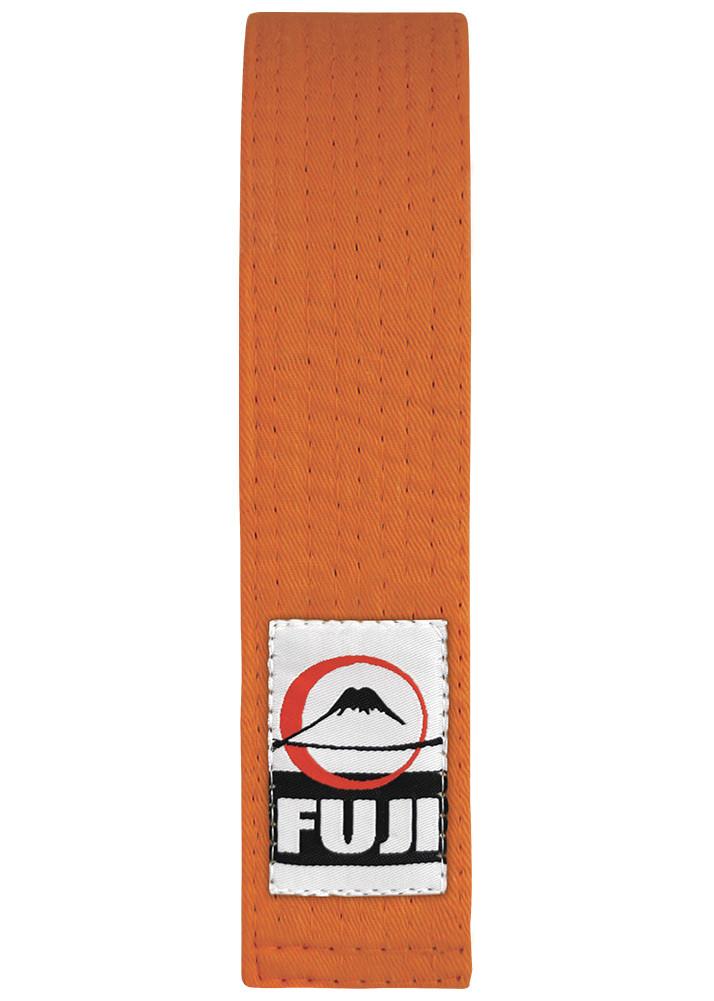 Solid Rank Belts - Hatashita
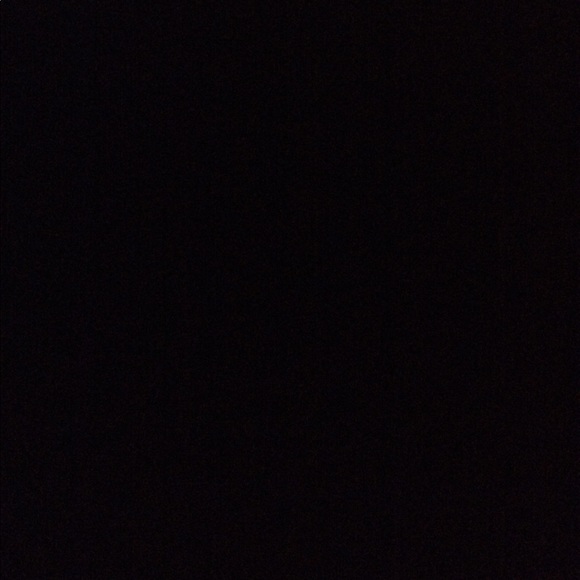 amyhampton5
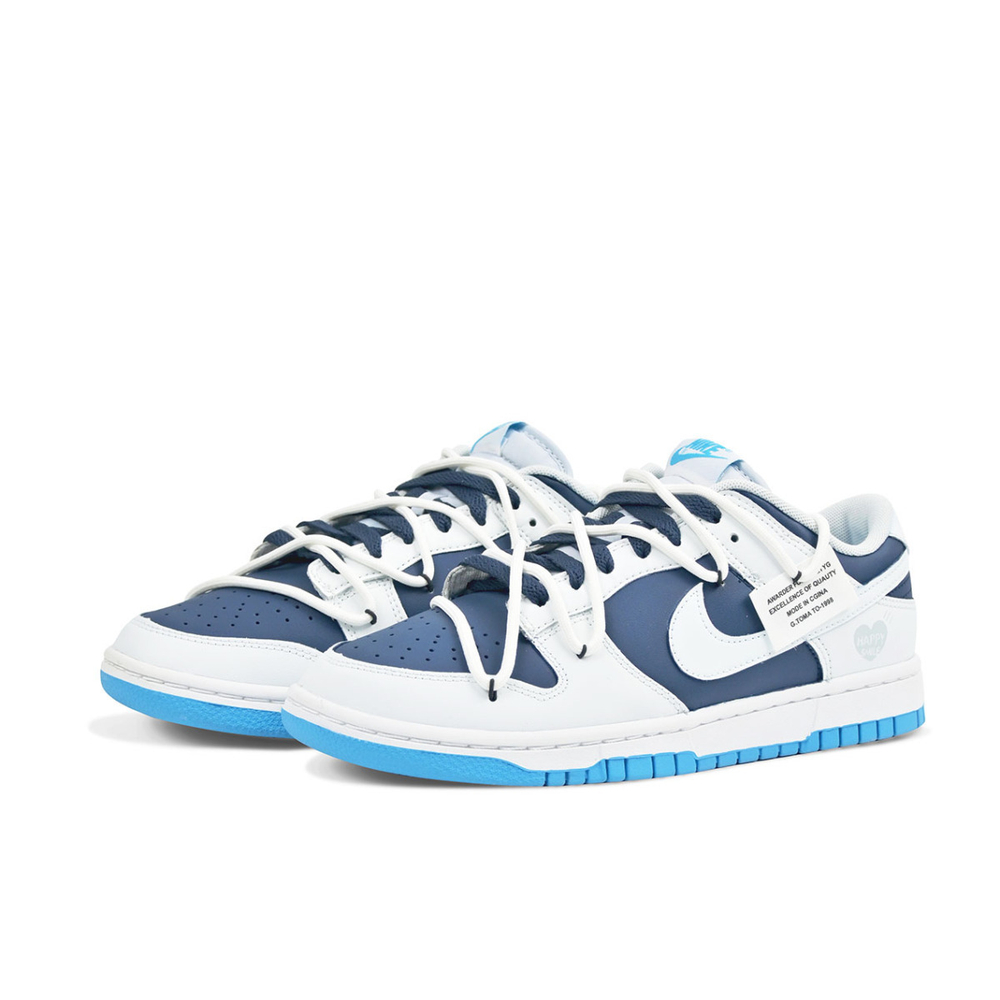 【 】 Nike Dunk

——————

-- Directions for this task --
The material is to be reproduced verbatim, and no picture may appear in the copy.

-- Written solution --
 Solid Rank Belts - Hatashita
 amyhampton5
 【 】 Nike Dunk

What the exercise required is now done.